# 8.4. Learning from text — Naive Bayes for Natural Language Processing

In [1]:
import numpy as np
import pandas as pd
import sklearn
import sklearn.model_selection as ms
import sklearn.feature_extraction.text as text
import sklearn.naive_bayes as nb
import matplotlib.pyplot as plt
%matplotlib inline

In [2]:
df = pd.read_csv('https://github.com/ipython-books/'
                 'cookbook-2nd-data/blob/master/'
                 'troll.csv?raw=true')

In [12]:
df[['Insult', 'Comment']].tail()

Unnamed: 0,Insult,Comment
3942,1,"""you are both morons and that is never happening"""
3943,0,"""Many toolbars include spell check, like Yahoo..."
3944,0,"""@LambeauOrWrigley\xa0\xa0@K.Moss\xa0\nSioux F..."
3945,0,"""How about Felix? He is sure turning into one ..."
3946,0,"""You're all upset, defending this hipster band..."


In [13]:
y = df['Insult']

In [14]:
tf = text.TfidfVectorizer()
X = tf.fit_transform(df['Comment'])
print(X.shape)

(3947, 16469)


In [15]:
p = 100 * X.nnz / float(X.shape[0] * X.shape[1])
print(f"Each sample has ~{p:.2f}% non-zero features.")

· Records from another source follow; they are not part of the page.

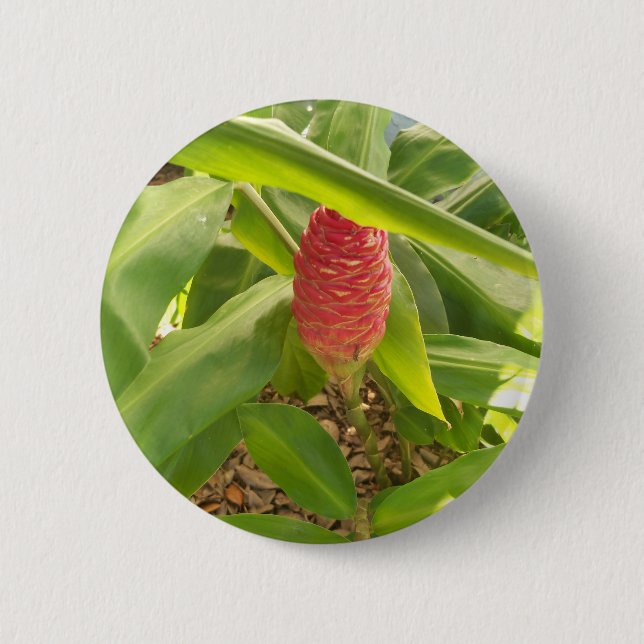 Shampoo Ginger flower 6 Cm Round Badge (Front)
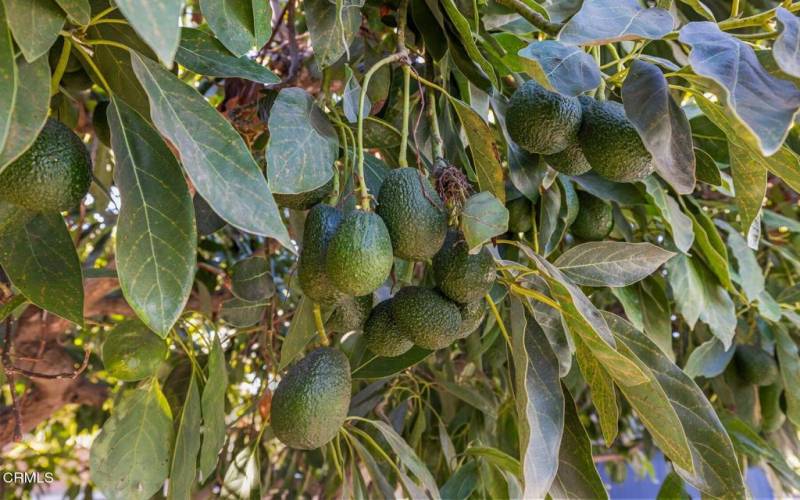 Avocado Tree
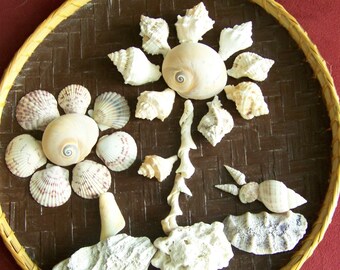 Natural Coral,  Seashell Flowers & Snail  Wall Relief - Nature Motif - Upcycled Wicker Tray - Handmade Original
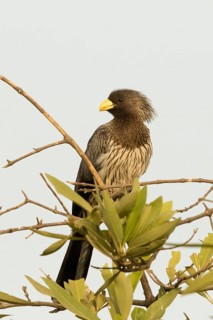 Western Plantain-eater (Crinifer piscator), Gambia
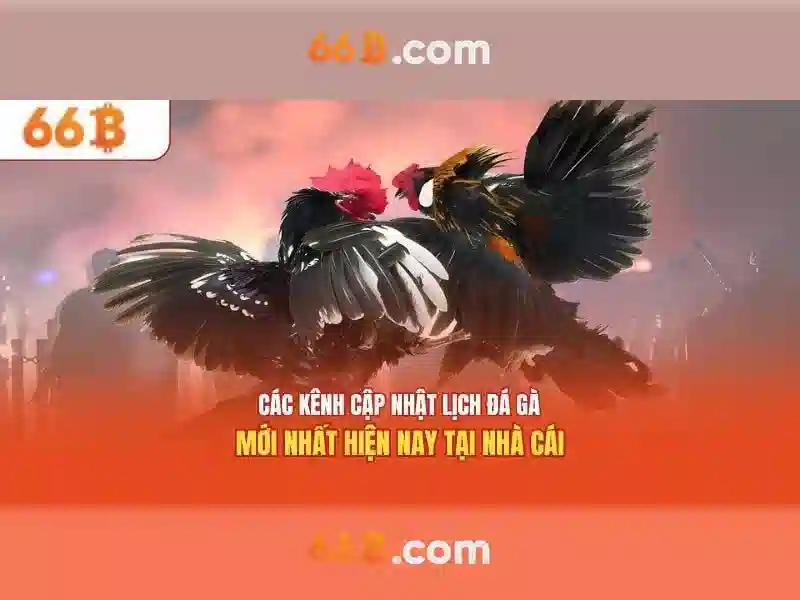 slot 66b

Each sample has ~0.15% non-zero features.


In [16]:
(X_train, X_test, y_train, y_test) = \
    ms.train_test_split(X, y, test_size=.2)

In [17]:
bnb = ms.GridSearchCV(
    nb.BernoulliNB(),
    param_grid={'alpha': np.logspace(-2., 2., 50)})
bnb.fit(X_train, y_train)



GridSearchCV(cv='warn', error_score='raise-deprecating',
             estimator=BernoulliNB(alpha=1.0, binarize=0.0, class_prior=None,
                                   fit_prior=True),
             iid='warn', n_jobs=None,
             param_grid={'alpha': array([1.00000000e-02, 1.20679264e-02, 1.45634848e-02, 1.75751062e-02,
       2.12095089e-02, 2.55954792e-02, 3.08884360e-02, 3.72759372e-02,
       4.49843267e-02, 5.42867544e-02, 6.55128557e-02, 7....
       4.09491506e+00, 4.94171336e+00, 5.96362332e+00, 7.19685673e+00,
       8.68511374e+00, 1.04811313e+01, 1.26485522e+01, 1.52641797e+01,
       1.84206997e+01, 2.22299648e+01, 2.68269580e+01, 3.23745754e+01,
       3.90693994e+01, 4.71486636e+01, 5.68986603e+01, 6.86648845e+01,
       8.28642773e+01, 1.00000000e+02])},
             pre_dispatch='2*n_jobs', refit=True, return_train_score=False,
             scoring=None, verbose=0)

In [18]:
bnb.score(X_test, y_test)

0.7569620253164557

In [19]:
# We first get the words corresponding to each feature
names = np.asarray(tf.get_feature_names())
# Next, we display the 50 words with the largest
# coefficients.
print(','.join(names[np.argsort(
    bnb.best_estimator_.coef_[0, :])[::-1][:50]]))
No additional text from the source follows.